Accommodative Intraocular Lenses After Cataract Removal
|Effective Date:||August 15, 2019|
|Last Reviewed:||September 06, 2019|
This policy is to provide direction on correct billing for intraocular lenses (IOL) following cataract surgery.
Three types of intraocular lenses (IOL) are used following cataract surgery:
- Standard or conventional lens
- Astigmatism-correcting intraocular lens (A-C-IOL)
- Presbyopia-correcting intraocular lens (P-C-IOL)
The allowance for the standard or conventional IOL is included in the hospital outpatient facility fee schedule and the Ambulatory Surgical Center (ASC) surgical fee schedule amount for cataract surgery. If a member chooses to have the accommodative IOL implanted during cataract surgery, the charge for the accommodative lens above the charge for the standard IOL is the member’s responsibility.
Blue Cross Blue Shield of North Dakota (BCBSND) will require the specific IOL HCPCS codes below to be billed on revenue code 0276 (Intraocular Lens). The charges billed for the accommodative IOL HCPCS code must be the difference between the accommodative IOL and the standard IOL charge.
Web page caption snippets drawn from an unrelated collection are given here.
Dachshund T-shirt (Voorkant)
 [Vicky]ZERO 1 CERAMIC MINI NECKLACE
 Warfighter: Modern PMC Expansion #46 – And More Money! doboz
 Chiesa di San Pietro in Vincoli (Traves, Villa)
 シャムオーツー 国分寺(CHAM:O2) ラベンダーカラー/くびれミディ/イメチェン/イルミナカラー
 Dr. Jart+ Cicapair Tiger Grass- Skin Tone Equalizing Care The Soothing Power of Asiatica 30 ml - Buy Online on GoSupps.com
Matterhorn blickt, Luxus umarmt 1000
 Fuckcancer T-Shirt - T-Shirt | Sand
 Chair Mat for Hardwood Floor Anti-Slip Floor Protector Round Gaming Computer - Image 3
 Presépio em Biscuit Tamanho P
The amount billed on revenue code 0276 will be rejected as member liable.
|C1780||Lens, intraocular (new technology)|
|Q1004||New technology, intraocular lens, category 4 as defined in Federal Register notice|
|Q1005||New technology, intraocular lens, category 5 as defined in Federal Register notice|
|V2630||Anterior chamber intraocular lens|
|V2631||Iris supported intraocular lens|
|V2632||Posterior chamber intraocular lens|
|V2787||Astigmatism correcting function of intraocular lens|
|V2788||Presbyopia correcting function of intraocular lens|
|S0596||Phakic intraocular lens for correction of refractive error|
Note: C-codes are institutional only.
Any charges reflecting the cost of the standard lens should not be member liable and therefore should not be included in the amount billed for the accommodative IOL HCPCS. The rate for the cataract surgery includes payment for the standard IOL.
Reimbursement policies are intended only to establish general guidelines for reimbursement under BCBSND plans. BCBSND retains the right to review and update its reimbursement policy guidelines at its sole discretion.